The ghost domain problem in DNS, and what we're doing about it

Published on June 2, 2026 by Mattias Geniar

@mattiasgeniar Mattias Geniar

June 2, 2026

There's a DNS edge case that even people who know DNS well tend not to have run into: a domain pulled by its registry can keep appearing healthy to uptime checkers for days after it's gone. The .de zone triggers it when contact verification fails, and other registries have their own versions. We don't always catch it, and most other monitoring services don't either.

It's called the ghost domain problem. It's documented in DNS research circles and has an active IETF draft (draft-ietf-dnsop-ns-revalidation), but it's niche enough that an uptime product can run for years without anyone noticing it.
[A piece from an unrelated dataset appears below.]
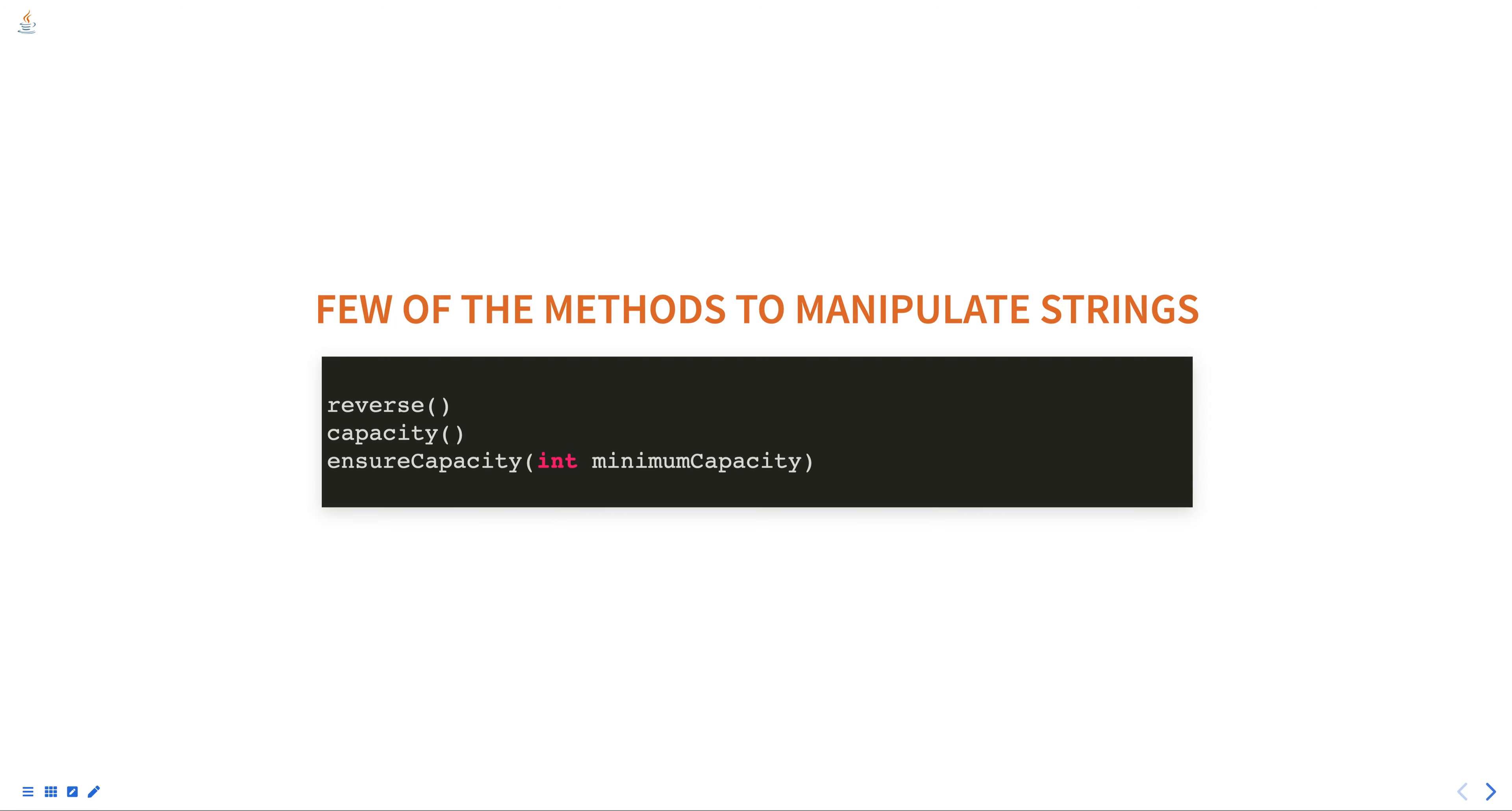necessary to ensure that it can hold at least the number of characters specified by the minimum capacity. Hope this was helpful, thank you for watching!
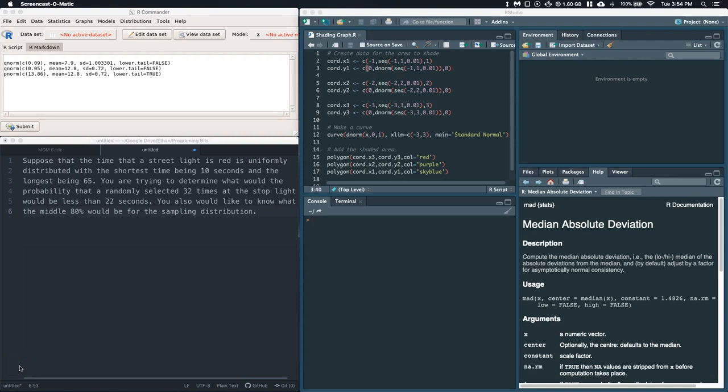By popular demand, I was requested to do a central limit theorem example where the original population distribution was uniform. So let's give this one a shot. It says: suppose that the time a street light is red is uniformly distributed with the shortest time being 10 seconds and the longest being 65. You are trying to determine what would the probability be that a randomly selected 32 times at a stoplight would be less than 22 seconds. You would also like to know what the middle 80% would be for the sampling distribution.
This post is about why, and the small set of changes we're making on our end.

How it shows up #

The .de zone has a strict holder-data verification policy. If the registrant's details aren't verified within DENIC's deadline, DENIC first removes the domain from the .de zone and deletes it later. And .de is far from alone. EURid suspends a .eu domain and, if the data still isn't verified, moves it to a withdrawn (no longer registered) state. AFNIC runs an eligibility and contactability check on .fr holders and can suspend, then eventually delete, a domain whose holder doesn't correct or substantiate their data.

And across ICANN gTLDs like .com, .net, and .org, the 2013 WHOIS Accuracy Program requires the registrar (not the registry) to suspend, terminate, or place a domain on clientHold after more than 15 days without a response to a verification request, which pulls it from zone publication. Failed verification, expired registration, registrar disputes, abuse takedowns: the names differ, the shape doesn't. The registry or registrar pulls the name from the parent zone, but the domain's own authoritative nameservers keep answering as if nothing changed.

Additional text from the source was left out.